Неменов и Глазунов разыскали части конструкции циклотрона. Они подготовили генератор и выпрямитель к перевозке и извлекли из земли медные трубы и латунные шины, закопанные во дворе Физико-технического института перед эвакуацией его персонала в Казань. Они разыскали также 75-тонный электромагнит на заводе «Электросила», который находился всего лишь в трех километрах от линии фронта. G помощью солдат, присланных к ним военным командованием, они погрузили все оборудование в два товарных вагона, чтобы транспортировать его в Москву. Так как вновь открытая железнодорожная колея проходила через район, обстреливаемый немцами, Неменов и Глазунов вылетели из города на самолете{446}.

По возвращении в Москву Неменов начал собирать циклотрон. Сделать оставалось еще многое: спроектировать и изготовить ускорительную камеру, разработать систему охлаждения магнитных обмоток, изготовить поковки для магнита на московском заводе «Серп и молот». Наконец, сборка циклотрона была завершена, и в 10 часов утра 25 сентября 1944 г., на два месяца позже назначенного Курчатовым срока, в циклотроне был получен пучок дейтронов. Неменов сообщил об этом по телефону Курчатову, который находился на совещании у Бориса Ванникова, народного комиссара боеприпасов. Курчатов выехал посмотреть на циклотрон в действии и после этого привез всю группу, работавшую над циклотроном, к себе домой, чтобы отметить успех шампанским. На следующий день началось облучение уранилнитрата, которое продолжалось до декабря 1945 г.{447}

Облученный материал был передан для исследования в лабораторию младшего брата Курчатова, Бориса, который поступил в Лабораторию № 2 в середине 1943 г.{448} Борис Курчатов выделил элемент 93 в первой половине 1944 г. и затем сосредоточился на элементе 94. Он поместил колбу с перекисью урана в сосуд с водой, служившей замедлителем, а в центре колбы расположил радиево-бериллиевый источник нейтронов, остававшийся там в течение трех месяцев. Затем он повторил процесс с облученным ураном и выделил препарат с альфа-активностью. Так в октябре 1944 г. были получены первые следы элемента 94. Первый плутоний (как теперь назывался элемент 94) из урана, облученного в циклотроне, Борис Курчатов выделил не ранее 1946 г.{449},[129]

Курчатов не ограничился тем, что поручил химическое выделение плутония только своему брату. Ему надо было улучшить взаимоотношения с Хлопиным, и он решил подключить его к проекту, попросив Радиевый институт разработать метод выделения элемента 94 из облученного урана{450}.[130] Курчатов не пытался «сводить счеты» с Хлопиным, а, как указывает Флеров, всегда оказывал ему «знаки внимания, проявлял уважение к его знаниям и авторитету. Курчатов всегда указывал на заслуги Хлопина как родоначальника советской радиохимии». Здесь он продемонстрировал свое искусство в обращении с людьми, и неприязнь между двумя учеными исчезла{451}.

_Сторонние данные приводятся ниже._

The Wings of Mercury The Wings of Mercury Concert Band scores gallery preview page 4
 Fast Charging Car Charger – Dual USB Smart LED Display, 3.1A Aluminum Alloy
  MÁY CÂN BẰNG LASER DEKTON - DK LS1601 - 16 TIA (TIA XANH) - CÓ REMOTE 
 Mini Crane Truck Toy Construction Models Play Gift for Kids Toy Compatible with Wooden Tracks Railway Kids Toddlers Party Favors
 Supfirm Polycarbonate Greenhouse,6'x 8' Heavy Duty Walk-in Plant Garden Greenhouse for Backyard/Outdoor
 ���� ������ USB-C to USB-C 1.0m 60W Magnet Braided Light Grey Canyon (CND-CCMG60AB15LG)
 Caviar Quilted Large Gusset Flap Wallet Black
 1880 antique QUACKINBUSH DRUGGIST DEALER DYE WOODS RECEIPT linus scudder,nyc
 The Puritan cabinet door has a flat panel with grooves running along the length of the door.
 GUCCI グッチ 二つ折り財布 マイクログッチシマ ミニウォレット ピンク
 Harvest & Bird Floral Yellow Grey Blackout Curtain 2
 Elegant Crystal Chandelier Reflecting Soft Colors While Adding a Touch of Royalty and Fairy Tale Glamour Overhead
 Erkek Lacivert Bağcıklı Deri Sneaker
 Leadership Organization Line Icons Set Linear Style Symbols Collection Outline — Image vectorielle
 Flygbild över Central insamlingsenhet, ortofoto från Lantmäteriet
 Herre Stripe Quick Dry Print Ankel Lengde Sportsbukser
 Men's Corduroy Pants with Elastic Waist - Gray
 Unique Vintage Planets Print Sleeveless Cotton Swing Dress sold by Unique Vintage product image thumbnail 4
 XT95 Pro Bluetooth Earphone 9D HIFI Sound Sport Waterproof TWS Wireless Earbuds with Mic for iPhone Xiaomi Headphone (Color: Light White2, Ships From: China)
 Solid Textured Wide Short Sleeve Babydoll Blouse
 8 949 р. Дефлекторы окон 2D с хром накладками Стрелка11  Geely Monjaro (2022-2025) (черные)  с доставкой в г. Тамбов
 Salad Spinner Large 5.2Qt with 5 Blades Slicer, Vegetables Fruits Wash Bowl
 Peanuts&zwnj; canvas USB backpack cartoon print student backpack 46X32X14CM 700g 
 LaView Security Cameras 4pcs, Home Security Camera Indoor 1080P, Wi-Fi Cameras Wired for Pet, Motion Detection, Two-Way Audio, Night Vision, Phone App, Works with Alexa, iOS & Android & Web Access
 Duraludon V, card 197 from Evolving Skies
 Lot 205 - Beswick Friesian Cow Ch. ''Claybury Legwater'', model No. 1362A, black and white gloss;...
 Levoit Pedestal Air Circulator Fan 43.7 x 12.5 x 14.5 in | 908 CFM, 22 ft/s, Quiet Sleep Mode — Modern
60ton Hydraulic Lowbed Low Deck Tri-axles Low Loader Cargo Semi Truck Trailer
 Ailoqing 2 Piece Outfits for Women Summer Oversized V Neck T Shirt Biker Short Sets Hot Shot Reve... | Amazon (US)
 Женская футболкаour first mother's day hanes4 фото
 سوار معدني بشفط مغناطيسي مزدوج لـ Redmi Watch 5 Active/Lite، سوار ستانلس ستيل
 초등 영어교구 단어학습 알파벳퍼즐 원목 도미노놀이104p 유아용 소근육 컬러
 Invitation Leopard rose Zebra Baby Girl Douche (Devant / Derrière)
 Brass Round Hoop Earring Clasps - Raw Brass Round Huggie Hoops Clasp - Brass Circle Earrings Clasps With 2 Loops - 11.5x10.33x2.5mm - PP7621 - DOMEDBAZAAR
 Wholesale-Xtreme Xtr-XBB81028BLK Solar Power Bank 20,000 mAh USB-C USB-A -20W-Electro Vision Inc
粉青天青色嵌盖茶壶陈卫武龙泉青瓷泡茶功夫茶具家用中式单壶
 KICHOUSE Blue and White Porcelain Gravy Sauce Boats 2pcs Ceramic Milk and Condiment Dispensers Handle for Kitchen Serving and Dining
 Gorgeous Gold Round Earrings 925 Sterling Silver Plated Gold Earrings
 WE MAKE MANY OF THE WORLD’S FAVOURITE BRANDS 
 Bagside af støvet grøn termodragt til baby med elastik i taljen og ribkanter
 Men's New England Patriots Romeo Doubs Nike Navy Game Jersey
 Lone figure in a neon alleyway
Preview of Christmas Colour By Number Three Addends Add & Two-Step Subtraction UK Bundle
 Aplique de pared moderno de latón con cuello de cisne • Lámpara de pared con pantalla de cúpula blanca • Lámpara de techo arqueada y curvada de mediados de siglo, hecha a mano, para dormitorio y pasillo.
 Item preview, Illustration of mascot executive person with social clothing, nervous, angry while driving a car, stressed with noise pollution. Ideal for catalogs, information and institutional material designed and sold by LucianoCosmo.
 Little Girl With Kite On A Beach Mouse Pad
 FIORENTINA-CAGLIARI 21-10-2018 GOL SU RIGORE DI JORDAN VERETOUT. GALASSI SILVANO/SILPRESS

Первоначально разделение изотопов было включено в план работ Лаборатории № 2, но за военные годы достижений было немного. Ответственным за эту часть проекта был назначен Кикоин{452}. Он организовал исследования по различным методам разделения. Ланге продолжал свою работу над центрифугой, и в 1944 г. они с Кикоиным изготовили в Лаборатории № 2 центрифугу пятиметровой длины. Однако она была слишком шумной в работе и развалилась при резонансной частоте вращения. Ланге переехал в Свердловск, а Кикоин сосредоточил свои усилия на методе газовой диффузии. В конце 1943 г. Курчатов предложил Анатолию Александрову организовать исследования по термодиффузии. В 1944 г. в лабораторию пришел Арцимович, чтобы возглавить работу по электромагнитному разделению{453}.